Sierra del Divisor: The Watershed Mountains
In the depths of the Amazon lies a region known as the Sierra del Divisor – “The Watershed Mountains”
This unique and biodiverse land is home to a number of uncontacted tribes.
They are running for their lives from loggers and drug traffickers who have invaded their land. Further threats of oil exploration, rail lines and roads could wipe them out.
A national park has been created, but this is not enough.
The region’s people face catastrophe if action is not taken soon.
A unique and endangered land
“The uncontacted people are like us before we were contacted by the missionaries. They move from place to place, and when they see a white person they flee. When they hear someone coming close they hide their tracks with leaves and sticks, just as we did. But I know they are there. I can assure you that they are there.” Salomon Dunu, Matsés
Deep in the Amazon live uncontacted Matsés and Isconahua Indians. Their home, which straddles both Peru and Brazil, is known as Sierra del Divisor – “The Watershed Mountains”.
This unique and biodiverse land is a stronghold for rare and endangered animals. Known for its cone shaped mountains, there is no other region like it in the Amazon.

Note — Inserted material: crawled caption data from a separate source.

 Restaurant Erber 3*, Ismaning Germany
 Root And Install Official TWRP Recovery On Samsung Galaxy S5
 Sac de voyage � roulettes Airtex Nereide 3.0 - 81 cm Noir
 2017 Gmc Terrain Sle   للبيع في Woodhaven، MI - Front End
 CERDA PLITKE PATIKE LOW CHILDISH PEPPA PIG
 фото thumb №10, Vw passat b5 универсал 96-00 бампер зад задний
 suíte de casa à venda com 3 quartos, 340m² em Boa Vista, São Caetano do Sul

But this land is being invaded. Loggers, drug traffickers and miners have brought violence to the Indians’ homes, forcing them to live on the run.
A conservation con
The region’s extraordinary biodiversity is proof that tribal peoples are the best guardians of their environment. But these guardians, and their lands, are not receiving the protection that they desperately need.
In 2015, the government created the Sierra del Divisor National Park. Hailed as a great defense for wildlife diversity and indigenous people, in reality, the Indians’ lives are still in danger – because the government wants to open up the area to oil exploration.
This is a con. And it’s harming both conservation and the most vulnerable people in the region.
An oil threat looms
“Oil will destroy the place where our rivers are born. What will happen to the fish? What will the animals drink?” Matsés
The threat of oil exploration looms over the park and its people.
This area is home to uncontacted Matsés. Any oil exploration will be devastating for them.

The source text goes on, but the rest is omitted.